__The problem__. Where the listing shows an image, skip it and output all other material unchanged.

__Record extracts__.
***

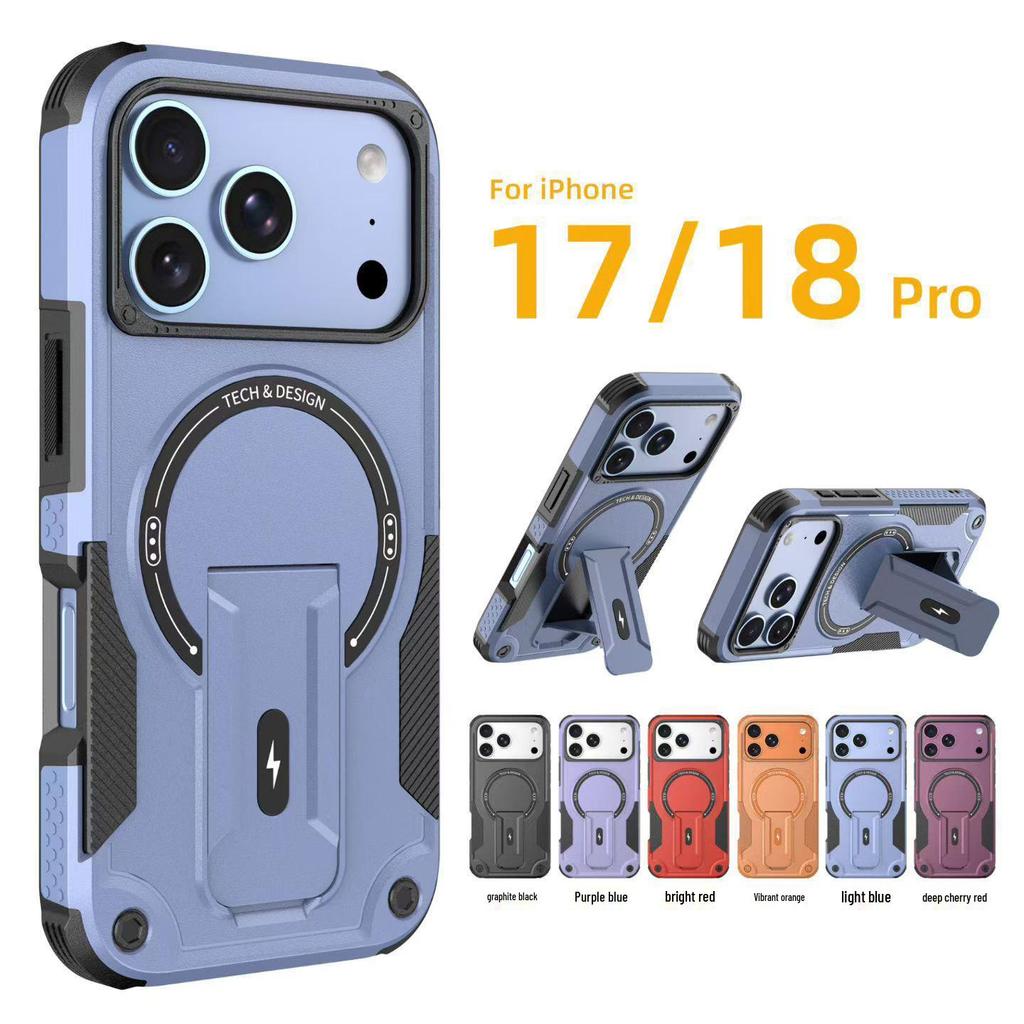 Чехол для iPhone 16 Pro Max Bundesliga Magnetic с подставкой для Apple 15 Pro, защитный чехол от падения для iPhone 14
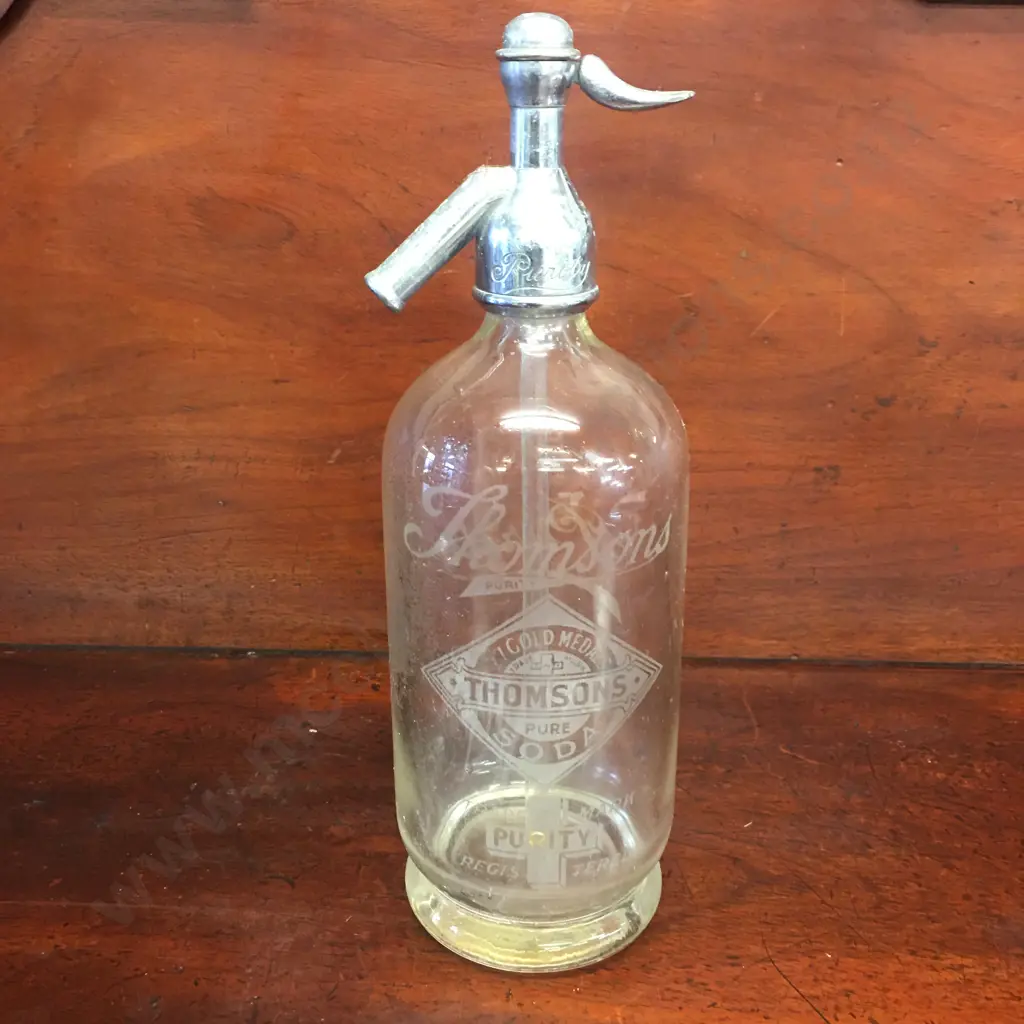 Vintage Thomsons  Seltzer Bottle  Image 1++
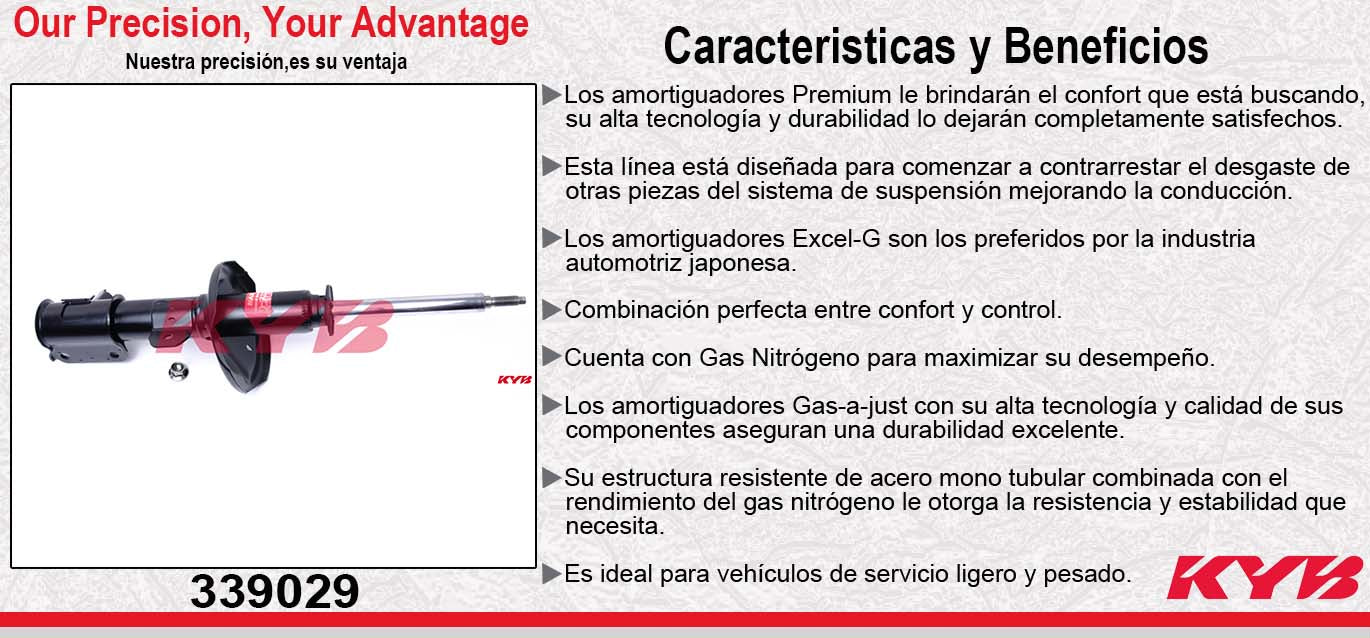 AMORTIGUADOR DELANTERO DERECHO GAS EXCEL-G CHEV OPTRA (2006-2009) KYB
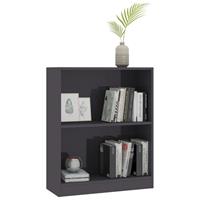 Bücherregal Spanplatte Hochglanz-Grau 60x24x74,5cm - VIDAXL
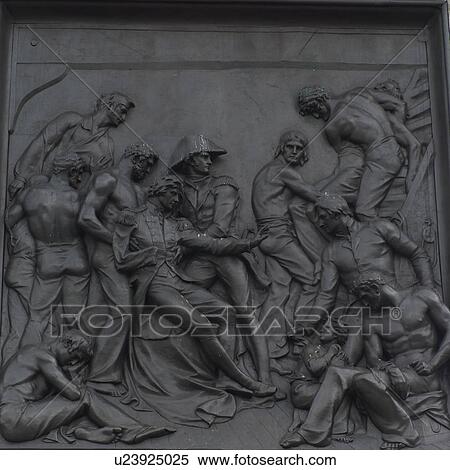 Carvings in stone in Trafalgar square, London, England View Large Photo Image Stock Photography - Carvings in stone in Trafalgar square, London, England. Fotosearch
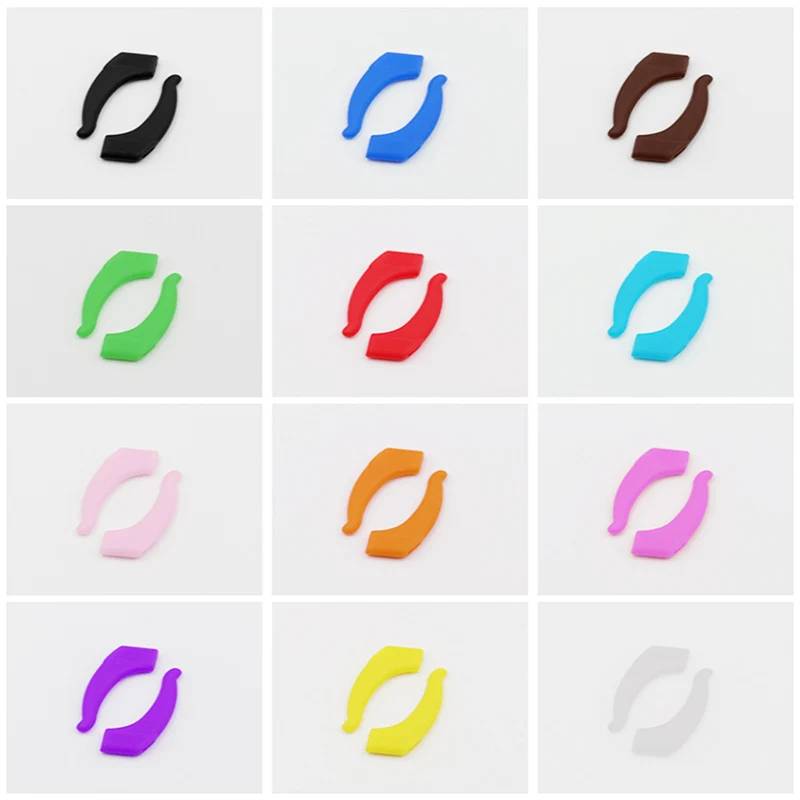 Color_max 1 пара удобных солнцезащитных очков силиконовые противоскользящие ушные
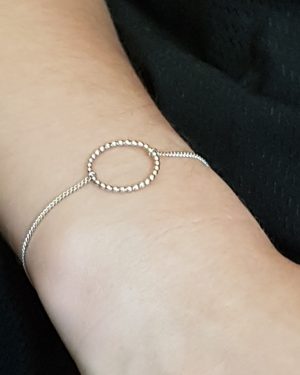 Silver beaded bracelet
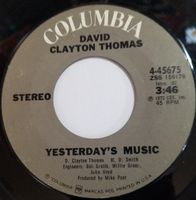 Thomas David Clayton: Yesterday's Music 7"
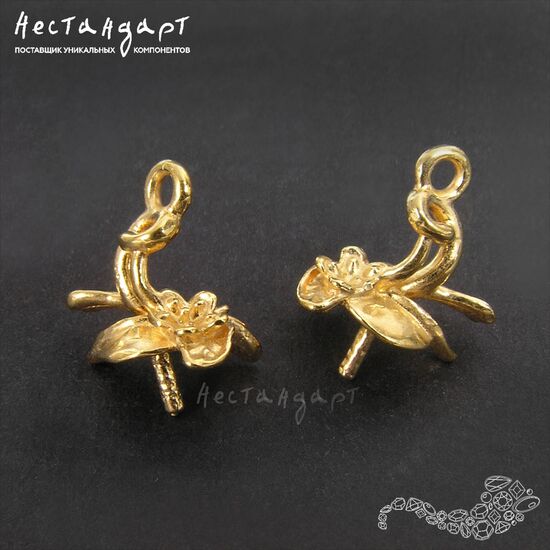 Концевик с петлей и штифтом Tropico Gold Plated 13 мм, изображение 5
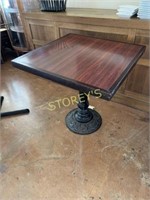 30" Sq. Dining Table w/ HD Round Base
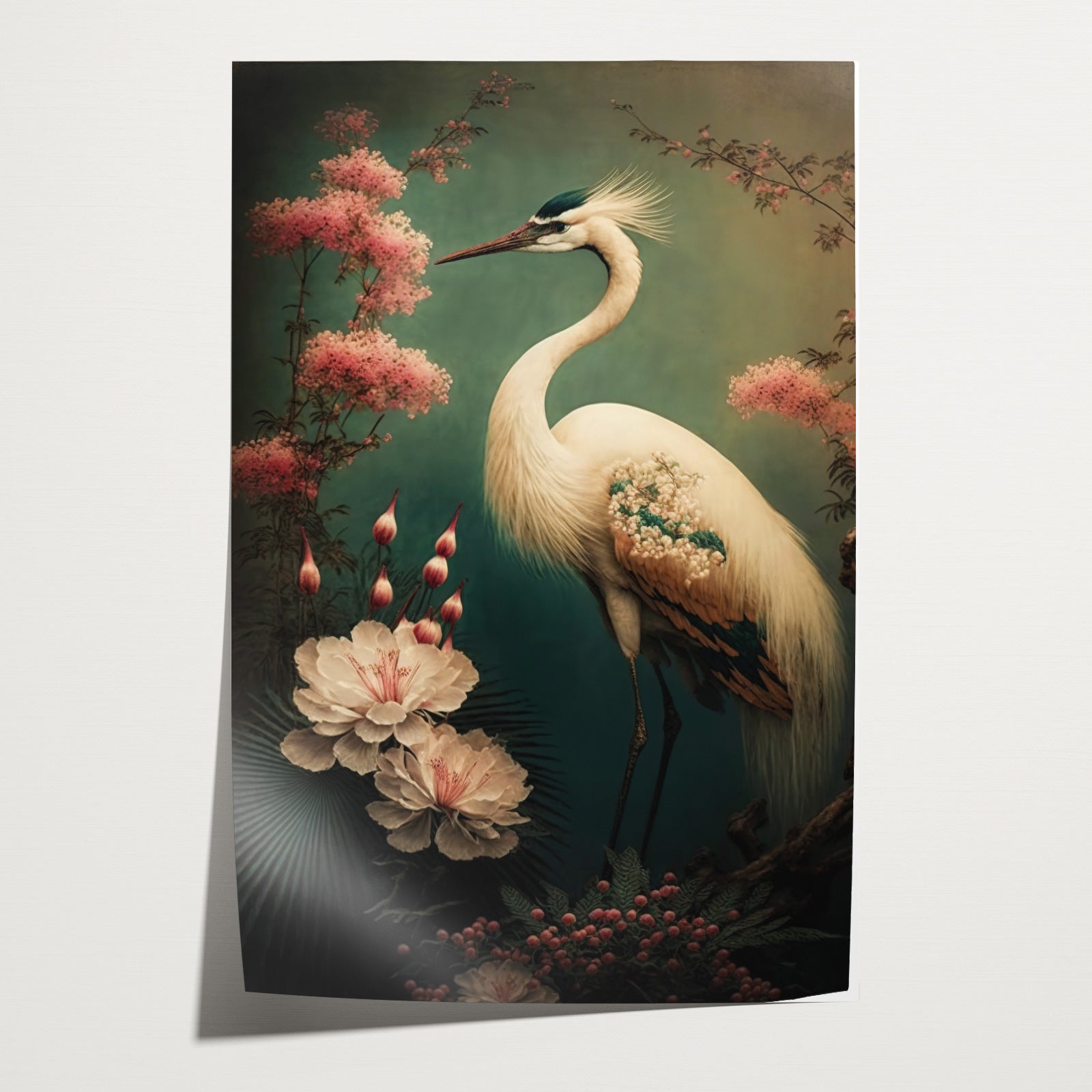 Japanse kraanvogel 2 · Papier-Poster staand-House of Posters-House of Posters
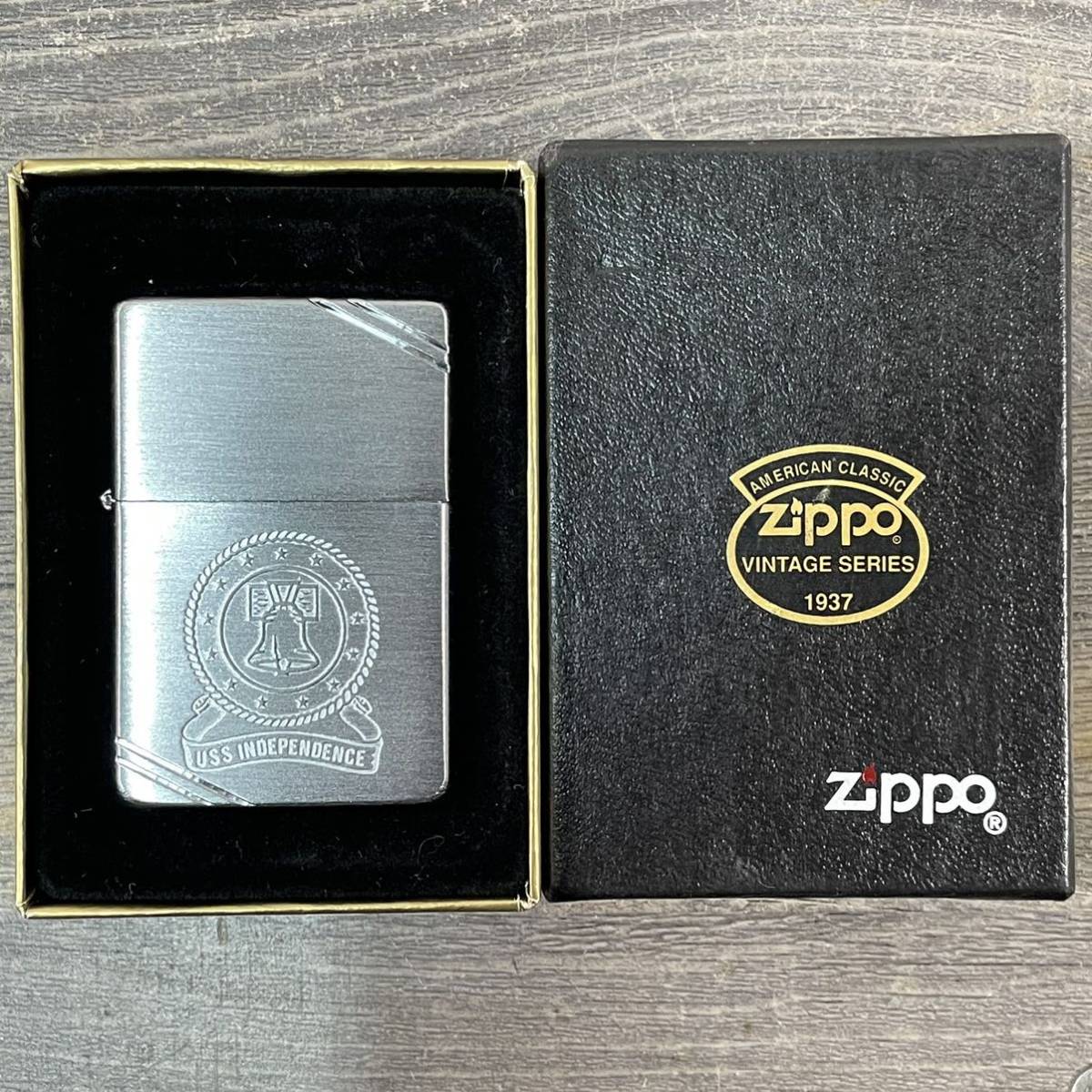 6213 ZIPPO VINTAGE SERIES 1937 未着火 ヴィンテージシリーズ USS.INDEPENDENCE ジッポー 送料無料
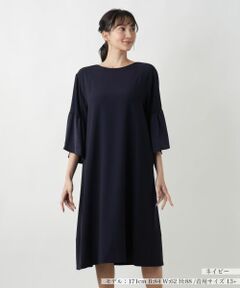 Leilian PLUS HOUSE / レリアンプラスハウス ドレス | 【店舗人気】フレアスリーブワンピ−ス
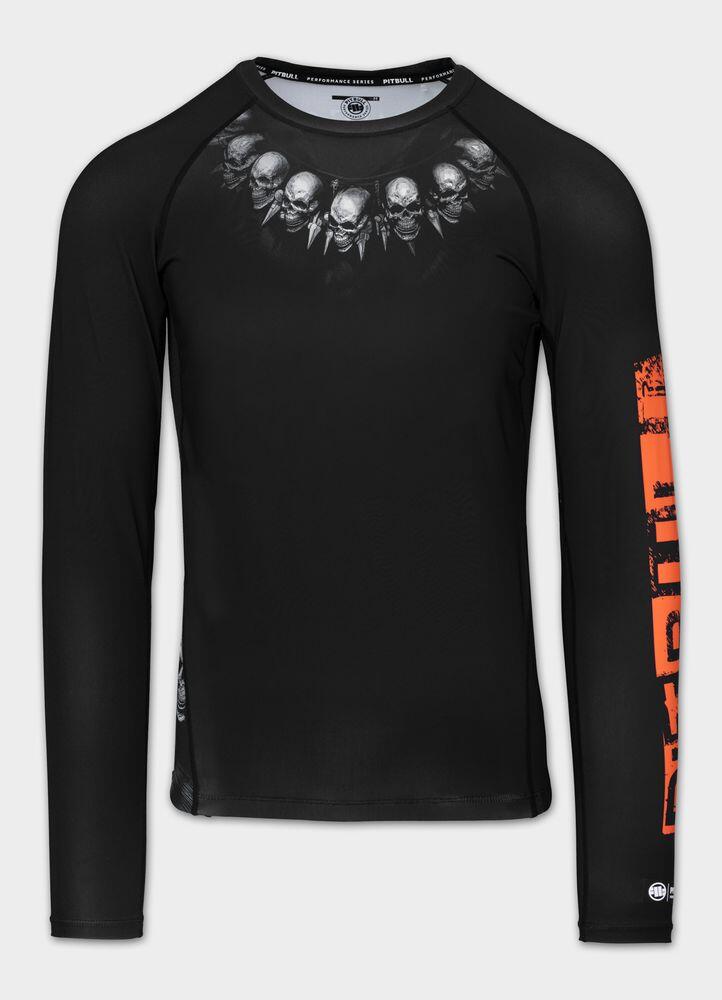 Rashguard longsleeve męski PITBULL treningowa koszulka sportowa BLACKY 2/7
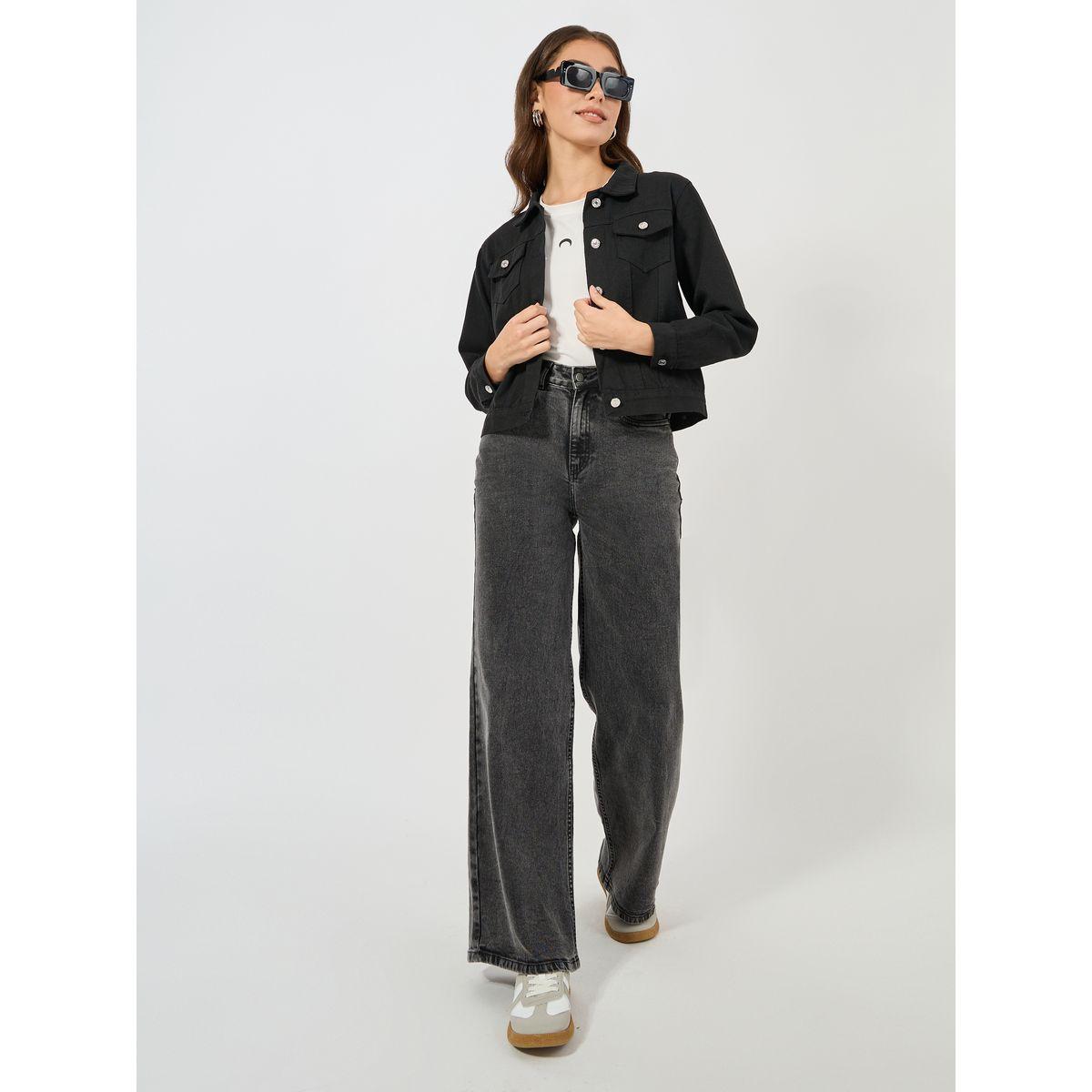 جاكيت دنيم قصير بقصة عادية-women-winterwear-coatsandjackets-jackets-image-2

***

__Response__.
 Чехол для iPhone 16 Pro Max Bundesliga Magnetic с подставкой для Apple 15 Pro, защитный чехол от падения для iPhone 14
 Vintage Thomsons  Seltzer Bottle  Image 1++
 AMORTIGUADOR DELANTERO DERECHO GAS EXCEL-G CHEV OPTRA (2006-2009) KYB
 Bücherregal Spanplatte Hochglanz-Grau 60x24x74,5cm - VIDAXL
 Carvings in stone in Trafalgar square, London, England View Large Photo Image Stock Photography - Carvings in stone in Trafalgar square, London, England. Fotosearch
 Color_max 1 пара удобных солнцезащитных очков силиконовые противоскользящие ушные
 Silver beaded bracelet
 Thomas David Clayton: Yesterday's Music 7"
 Концевик с петлей и штифтом Tropico Gold Plated 13 мм, изображение 5
 30" Sq. Dining Table w/ HD Round Base
 Japanse kraanvogel 2 · Papier-Poster staand-House of Posters-House of Posters
 6213 ZIPPO VINTAGE SERIES 1937 未着火 ヴィンテージシリーズ USS.INDEPENDENCE ジッポー 送料無料
 Leilian PLUS HOUSE / レリアンプラスハウス ドレス | 【店舗人気】フレアスリーブワンピ−ス
 Rashguard longsleeve męski PITBULL treningowa koszulka sportowa BLACKY 2/7
 جاكيت دنيم قصير بقصة عادية-women-winterwear-coatsandjackets-jackets-image-2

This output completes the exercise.